- [Task objective]:
All of the listing below must be repeated word for word. Pictures are the only thing to omit.

- [Given information]:
....

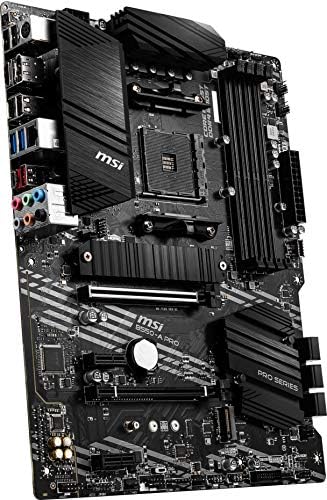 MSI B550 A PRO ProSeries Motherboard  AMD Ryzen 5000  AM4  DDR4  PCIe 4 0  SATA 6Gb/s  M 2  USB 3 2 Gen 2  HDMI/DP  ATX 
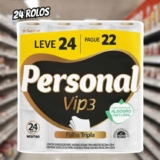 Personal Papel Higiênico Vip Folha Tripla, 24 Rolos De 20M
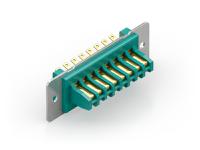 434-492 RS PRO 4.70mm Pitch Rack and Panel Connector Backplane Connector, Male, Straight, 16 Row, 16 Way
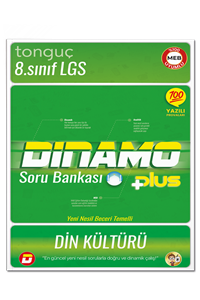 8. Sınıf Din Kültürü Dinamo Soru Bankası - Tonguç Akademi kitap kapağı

....

- [Response for this exercise]:
 MSI B550 A PRO ProSeries Motherboard  AMD Ryzen 5000  AM4  DDR4  PCIe 4 0  SATA 6Gb/s  M 2  USB 3 2 Gen 2  HDMI/DP  ATX 
 Personal Papel Higiênico Vip Folha Tripla, 24 Rolos De 20M
 434-492 RS PRO 4.70mm Pitch Rack and Panel Connector Backplane Connector, Male, Straight, 16 Row, 16 Way
 8. Sınıf Din Kültürü Dinamo Soru Bankası - Tonguç Akademi kitap kapağı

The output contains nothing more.